Studio album by Dr. John
- Released: April 20, 1972
- Studios: Sound City (Van Nuys, California)
- Genres: New Orleans blues; R&B; rock and roll; roots rock;
- Length: 39:22
- Label: Atco
- Producers: Harold Battiste, Jerry Wexler

Dr. John chronology
| The Sun, Moon & Herbs (1971) | Dr. John's Gumbo (1972) | In the Right Place (1973) |

Singles from Dr.
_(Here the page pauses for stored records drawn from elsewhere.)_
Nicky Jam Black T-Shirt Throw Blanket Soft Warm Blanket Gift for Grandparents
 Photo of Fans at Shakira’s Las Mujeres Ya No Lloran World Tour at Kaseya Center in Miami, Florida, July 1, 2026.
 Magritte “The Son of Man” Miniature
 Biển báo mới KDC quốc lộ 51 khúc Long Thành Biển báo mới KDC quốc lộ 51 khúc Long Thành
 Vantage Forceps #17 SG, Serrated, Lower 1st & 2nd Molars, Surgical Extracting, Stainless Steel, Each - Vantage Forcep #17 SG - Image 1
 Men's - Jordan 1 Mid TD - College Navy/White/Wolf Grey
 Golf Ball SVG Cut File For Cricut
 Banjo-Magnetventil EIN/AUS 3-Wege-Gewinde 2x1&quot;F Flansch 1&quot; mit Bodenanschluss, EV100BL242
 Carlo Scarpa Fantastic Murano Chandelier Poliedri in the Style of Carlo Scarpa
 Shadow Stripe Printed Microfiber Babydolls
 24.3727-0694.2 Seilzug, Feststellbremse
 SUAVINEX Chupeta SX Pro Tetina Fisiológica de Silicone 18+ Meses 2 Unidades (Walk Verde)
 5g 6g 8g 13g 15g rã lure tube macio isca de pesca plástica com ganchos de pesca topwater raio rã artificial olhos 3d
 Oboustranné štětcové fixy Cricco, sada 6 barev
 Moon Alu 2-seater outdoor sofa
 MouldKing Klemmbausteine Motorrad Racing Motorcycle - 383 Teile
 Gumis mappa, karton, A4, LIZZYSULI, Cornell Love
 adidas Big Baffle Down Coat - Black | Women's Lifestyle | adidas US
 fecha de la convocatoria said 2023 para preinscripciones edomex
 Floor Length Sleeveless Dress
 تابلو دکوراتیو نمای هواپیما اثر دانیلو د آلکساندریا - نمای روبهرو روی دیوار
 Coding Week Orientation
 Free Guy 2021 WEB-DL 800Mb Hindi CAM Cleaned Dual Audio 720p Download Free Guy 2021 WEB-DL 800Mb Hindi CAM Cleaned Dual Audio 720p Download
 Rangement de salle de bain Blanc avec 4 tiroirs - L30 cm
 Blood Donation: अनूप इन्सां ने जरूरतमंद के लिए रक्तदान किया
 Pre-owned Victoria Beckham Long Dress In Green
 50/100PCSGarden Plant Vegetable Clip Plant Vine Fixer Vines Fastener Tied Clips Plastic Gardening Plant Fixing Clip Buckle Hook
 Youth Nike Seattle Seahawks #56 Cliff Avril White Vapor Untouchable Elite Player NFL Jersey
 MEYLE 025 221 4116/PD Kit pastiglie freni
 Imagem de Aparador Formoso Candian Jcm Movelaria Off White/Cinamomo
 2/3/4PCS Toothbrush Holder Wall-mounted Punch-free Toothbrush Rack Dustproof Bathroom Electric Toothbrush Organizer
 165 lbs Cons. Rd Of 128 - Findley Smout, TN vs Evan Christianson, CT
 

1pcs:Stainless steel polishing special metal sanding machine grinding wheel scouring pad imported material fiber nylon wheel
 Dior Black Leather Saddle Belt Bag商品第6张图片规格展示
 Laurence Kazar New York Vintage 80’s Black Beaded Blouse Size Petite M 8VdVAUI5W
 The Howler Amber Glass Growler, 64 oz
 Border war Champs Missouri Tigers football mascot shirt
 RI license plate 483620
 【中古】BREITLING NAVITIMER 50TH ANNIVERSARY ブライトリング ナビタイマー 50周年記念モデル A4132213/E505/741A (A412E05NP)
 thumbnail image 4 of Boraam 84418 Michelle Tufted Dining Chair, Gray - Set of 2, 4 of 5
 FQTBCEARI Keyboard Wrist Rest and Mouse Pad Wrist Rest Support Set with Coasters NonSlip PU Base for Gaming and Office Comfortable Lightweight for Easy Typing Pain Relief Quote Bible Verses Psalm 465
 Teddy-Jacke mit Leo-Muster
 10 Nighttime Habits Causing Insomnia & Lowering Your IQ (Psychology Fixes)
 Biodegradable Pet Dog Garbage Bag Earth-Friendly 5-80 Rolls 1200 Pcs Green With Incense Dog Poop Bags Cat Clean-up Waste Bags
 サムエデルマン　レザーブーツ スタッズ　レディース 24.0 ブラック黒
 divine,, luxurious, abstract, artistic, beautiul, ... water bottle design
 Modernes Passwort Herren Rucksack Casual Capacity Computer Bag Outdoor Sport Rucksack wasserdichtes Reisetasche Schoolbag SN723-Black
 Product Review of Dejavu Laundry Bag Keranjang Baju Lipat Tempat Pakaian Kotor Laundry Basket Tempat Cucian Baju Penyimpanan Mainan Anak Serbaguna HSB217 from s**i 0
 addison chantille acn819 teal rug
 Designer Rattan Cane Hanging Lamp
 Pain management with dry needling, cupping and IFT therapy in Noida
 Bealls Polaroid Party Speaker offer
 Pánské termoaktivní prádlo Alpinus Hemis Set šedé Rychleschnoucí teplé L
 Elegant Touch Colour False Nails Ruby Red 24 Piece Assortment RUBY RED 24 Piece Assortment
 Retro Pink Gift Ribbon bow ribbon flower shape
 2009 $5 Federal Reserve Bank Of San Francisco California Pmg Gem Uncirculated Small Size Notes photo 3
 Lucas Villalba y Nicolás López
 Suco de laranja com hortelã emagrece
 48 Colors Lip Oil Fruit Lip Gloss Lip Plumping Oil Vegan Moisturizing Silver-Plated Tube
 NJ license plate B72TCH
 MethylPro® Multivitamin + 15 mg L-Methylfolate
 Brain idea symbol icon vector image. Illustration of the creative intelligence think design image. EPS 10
John's Gumbo
- "Iko Iko" Released: March 1972;

= Dr. John's Gumbo =

Dr. John's Gumbo is the fifth album by the New Orleans singer and pianist Dr. John. Released in 1972, it is a tribute to the music of his native city. The album is a collection of classic New Orleans tunes.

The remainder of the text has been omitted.